Silencing of caspase-8 in murine hepatocellular carcinomas is mediated via methylation of an essential promoter element
Liedtke, Christian × Zschemisch, Nils-Holger Cohrs, Anne Roskams, Tania Borlak, Jürgen Manns, Michael P Trautwein, Christian #
Gastroenterology vol:129 issue:5 pages:1602-15
BACKGROUND & AIMS: Caspase-8 is the apical caspase essential for triggering Fas-induced apoptosis. In this study, we investigated caspase-8 expression in hepatocellular carcinomas (HCCs) using recently described HCC mouse models (c-myc and IgEGF transgenes). METHODS: HCCs were isolated from c-myc and IgEGF transgenic animals. Expression of caspase-8 was monitored by reverse-transcription polymerase chain reaction. The murine caspase-8 promoter was characterized by luciferase-reporter analysis and the analysis of promoter methylation was performed by bisulfite genomic sequencing. RESULTS: In HCCs investigated, we frequently found a lack of caspase-8 messenger RNA expression. Genomic deletions at the caspase-8 locus did not contribute to caspase-8 silencing. We examined tumor-derived promoter sequences and found significant hypermethylation at distinct CpG sites. In parallel, we characterized the murine caspase-8 promoter and identified a 30-bp promoter element that is indispensable for basal promoter activity.

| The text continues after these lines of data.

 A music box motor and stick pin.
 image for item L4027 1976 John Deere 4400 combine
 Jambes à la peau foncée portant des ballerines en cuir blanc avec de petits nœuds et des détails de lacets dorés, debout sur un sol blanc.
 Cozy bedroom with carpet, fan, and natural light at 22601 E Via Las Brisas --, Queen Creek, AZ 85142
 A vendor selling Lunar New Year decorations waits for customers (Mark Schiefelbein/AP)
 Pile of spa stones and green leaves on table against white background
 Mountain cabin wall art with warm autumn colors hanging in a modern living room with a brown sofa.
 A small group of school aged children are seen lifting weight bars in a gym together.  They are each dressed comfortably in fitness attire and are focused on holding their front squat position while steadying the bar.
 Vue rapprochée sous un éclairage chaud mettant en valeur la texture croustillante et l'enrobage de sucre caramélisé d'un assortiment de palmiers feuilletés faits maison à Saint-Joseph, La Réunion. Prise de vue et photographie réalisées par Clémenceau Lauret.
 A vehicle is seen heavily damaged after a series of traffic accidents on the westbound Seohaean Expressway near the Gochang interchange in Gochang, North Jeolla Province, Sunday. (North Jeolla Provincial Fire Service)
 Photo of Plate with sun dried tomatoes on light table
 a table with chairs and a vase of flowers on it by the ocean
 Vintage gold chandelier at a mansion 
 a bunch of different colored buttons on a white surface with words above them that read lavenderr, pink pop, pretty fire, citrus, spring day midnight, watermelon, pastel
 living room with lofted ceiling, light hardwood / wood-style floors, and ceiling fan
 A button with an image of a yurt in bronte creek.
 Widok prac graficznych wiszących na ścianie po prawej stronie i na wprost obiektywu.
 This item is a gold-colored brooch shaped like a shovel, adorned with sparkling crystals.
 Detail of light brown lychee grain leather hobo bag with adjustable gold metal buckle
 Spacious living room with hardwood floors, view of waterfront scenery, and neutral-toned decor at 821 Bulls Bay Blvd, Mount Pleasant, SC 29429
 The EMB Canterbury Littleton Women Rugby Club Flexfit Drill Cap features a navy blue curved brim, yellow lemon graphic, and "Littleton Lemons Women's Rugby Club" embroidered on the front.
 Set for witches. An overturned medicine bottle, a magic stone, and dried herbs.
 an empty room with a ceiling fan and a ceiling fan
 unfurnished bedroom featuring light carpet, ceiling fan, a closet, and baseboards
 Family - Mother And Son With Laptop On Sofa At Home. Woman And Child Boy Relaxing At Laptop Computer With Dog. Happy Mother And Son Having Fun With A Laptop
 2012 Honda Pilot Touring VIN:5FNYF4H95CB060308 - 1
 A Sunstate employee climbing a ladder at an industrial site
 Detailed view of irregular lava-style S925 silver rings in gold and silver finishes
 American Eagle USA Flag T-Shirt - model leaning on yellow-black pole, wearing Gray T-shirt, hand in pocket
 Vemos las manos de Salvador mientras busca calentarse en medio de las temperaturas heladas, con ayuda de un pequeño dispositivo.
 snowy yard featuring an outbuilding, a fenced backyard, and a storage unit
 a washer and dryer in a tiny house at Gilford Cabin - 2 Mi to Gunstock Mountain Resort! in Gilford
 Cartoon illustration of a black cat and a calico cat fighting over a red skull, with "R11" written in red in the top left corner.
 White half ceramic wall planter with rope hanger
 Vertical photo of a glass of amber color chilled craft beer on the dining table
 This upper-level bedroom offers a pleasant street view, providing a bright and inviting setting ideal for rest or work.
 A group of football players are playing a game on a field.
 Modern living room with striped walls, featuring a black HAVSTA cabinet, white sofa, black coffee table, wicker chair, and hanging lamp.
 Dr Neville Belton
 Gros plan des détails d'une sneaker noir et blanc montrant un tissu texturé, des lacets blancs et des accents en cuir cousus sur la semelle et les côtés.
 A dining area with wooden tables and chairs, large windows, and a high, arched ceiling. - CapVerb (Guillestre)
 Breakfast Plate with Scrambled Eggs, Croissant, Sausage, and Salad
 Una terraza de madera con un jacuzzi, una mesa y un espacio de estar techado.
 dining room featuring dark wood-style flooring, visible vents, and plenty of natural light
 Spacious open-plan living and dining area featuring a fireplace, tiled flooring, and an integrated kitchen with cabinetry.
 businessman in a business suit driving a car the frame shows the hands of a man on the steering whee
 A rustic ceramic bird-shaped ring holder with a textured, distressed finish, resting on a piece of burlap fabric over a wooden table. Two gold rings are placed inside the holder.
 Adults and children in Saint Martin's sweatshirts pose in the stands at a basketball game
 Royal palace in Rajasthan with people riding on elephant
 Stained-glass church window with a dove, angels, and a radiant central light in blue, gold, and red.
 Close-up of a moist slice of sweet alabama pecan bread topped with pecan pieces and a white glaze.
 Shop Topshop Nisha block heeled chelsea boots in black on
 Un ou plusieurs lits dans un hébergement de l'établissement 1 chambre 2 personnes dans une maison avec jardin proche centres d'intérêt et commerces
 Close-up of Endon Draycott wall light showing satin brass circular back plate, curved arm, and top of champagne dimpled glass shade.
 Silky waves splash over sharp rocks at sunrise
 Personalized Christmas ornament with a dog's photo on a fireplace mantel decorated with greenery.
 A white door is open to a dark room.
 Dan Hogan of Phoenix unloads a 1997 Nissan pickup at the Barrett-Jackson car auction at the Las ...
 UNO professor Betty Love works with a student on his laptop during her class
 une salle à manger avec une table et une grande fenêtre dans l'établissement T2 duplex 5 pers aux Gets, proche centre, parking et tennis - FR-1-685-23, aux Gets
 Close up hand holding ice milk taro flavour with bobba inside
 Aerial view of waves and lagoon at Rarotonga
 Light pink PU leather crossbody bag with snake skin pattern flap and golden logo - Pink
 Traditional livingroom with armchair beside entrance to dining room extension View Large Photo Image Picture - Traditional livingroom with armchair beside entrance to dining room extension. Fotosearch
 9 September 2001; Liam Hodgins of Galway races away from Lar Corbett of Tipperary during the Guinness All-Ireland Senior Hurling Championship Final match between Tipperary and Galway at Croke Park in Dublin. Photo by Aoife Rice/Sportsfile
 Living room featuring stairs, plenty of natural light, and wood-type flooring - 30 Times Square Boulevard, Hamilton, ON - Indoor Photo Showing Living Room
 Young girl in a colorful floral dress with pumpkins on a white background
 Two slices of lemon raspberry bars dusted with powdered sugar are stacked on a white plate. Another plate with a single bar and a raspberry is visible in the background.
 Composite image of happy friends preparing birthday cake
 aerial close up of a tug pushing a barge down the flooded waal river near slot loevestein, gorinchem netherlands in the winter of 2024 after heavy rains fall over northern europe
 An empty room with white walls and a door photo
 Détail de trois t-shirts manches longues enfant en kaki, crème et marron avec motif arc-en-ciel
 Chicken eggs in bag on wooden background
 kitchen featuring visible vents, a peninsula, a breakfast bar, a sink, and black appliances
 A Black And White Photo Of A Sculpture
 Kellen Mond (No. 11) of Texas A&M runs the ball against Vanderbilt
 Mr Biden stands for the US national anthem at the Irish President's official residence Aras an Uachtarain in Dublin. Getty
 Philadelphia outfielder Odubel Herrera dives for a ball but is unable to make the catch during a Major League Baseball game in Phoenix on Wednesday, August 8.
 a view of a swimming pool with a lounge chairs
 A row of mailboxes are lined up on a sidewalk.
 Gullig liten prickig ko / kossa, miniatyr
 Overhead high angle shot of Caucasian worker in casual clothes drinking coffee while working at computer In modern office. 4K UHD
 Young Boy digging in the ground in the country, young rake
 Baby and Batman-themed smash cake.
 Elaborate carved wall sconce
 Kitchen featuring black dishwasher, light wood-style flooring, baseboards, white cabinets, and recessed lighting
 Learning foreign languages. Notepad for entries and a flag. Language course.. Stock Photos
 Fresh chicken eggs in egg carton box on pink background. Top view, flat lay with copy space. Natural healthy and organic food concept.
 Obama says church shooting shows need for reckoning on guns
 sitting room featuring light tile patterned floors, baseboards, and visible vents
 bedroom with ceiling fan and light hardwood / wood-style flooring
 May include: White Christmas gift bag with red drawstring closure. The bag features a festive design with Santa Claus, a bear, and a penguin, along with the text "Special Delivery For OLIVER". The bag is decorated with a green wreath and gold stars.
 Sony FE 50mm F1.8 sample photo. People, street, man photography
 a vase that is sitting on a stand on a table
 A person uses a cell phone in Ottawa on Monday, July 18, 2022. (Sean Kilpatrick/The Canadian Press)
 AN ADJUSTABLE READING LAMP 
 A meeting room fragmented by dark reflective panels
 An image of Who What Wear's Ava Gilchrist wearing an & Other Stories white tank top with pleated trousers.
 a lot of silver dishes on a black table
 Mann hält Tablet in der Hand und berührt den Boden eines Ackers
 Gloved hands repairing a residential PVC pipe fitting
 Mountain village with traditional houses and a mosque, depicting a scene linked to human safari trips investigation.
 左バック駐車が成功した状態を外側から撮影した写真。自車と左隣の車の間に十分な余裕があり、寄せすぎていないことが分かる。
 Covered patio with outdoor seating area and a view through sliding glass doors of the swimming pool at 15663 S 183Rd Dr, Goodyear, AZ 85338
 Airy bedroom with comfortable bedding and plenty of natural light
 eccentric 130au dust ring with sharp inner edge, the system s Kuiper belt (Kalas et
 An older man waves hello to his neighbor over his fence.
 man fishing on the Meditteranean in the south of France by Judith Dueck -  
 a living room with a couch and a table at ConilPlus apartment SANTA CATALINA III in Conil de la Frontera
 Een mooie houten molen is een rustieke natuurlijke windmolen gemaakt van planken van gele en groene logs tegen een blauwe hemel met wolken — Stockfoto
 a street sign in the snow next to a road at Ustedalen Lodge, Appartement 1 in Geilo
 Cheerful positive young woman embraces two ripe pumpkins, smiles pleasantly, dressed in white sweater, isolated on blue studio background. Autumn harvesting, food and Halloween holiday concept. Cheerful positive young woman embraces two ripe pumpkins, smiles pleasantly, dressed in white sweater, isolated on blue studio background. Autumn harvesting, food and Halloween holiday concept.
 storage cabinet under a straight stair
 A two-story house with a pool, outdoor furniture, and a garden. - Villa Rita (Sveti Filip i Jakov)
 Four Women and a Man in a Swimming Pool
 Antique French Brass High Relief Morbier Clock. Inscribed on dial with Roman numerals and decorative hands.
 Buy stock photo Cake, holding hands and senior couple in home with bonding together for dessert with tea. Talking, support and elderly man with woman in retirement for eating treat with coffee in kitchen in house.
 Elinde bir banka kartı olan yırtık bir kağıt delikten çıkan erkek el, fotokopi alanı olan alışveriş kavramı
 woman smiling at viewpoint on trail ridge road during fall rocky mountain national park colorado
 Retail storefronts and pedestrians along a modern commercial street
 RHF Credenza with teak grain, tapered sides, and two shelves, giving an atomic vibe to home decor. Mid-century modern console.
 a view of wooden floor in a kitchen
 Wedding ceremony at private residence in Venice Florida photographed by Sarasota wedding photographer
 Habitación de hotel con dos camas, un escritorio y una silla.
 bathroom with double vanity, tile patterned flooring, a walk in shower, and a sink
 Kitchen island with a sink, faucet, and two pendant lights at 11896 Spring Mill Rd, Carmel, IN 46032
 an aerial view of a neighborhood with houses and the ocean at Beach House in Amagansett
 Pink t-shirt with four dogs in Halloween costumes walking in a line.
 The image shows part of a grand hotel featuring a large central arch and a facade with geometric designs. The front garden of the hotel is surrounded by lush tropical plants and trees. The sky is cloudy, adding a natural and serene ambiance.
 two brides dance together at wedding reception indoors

This minimal promoter element contained SP1 binding motifs that are colocalized with CpG sites and were methylated in tumor-derived promoter sequences. Electrophoretic mobility shift assay analysis showed that methylation of these SP1 sites is sufficient to prevent SP1 complex formation. To support our data, we mimicked the methylation pattern of a tumor-derived caspase-8 promoter in vitro using CpG methylase and found a strong reduction of promoter activity. CONCLUSIONS: We show that HCCs are correlated frequently with silencing of caspase-8 expression and provide data suggesting that caspase-8 silencing is a direct consequence of inhibiting SP1-dependent transactivation caused by CpG methylation at its essential binding sites in the promoter region. Our data support the hypothesis that inhibition of apoptosis triggers hepatocarcinogenesis.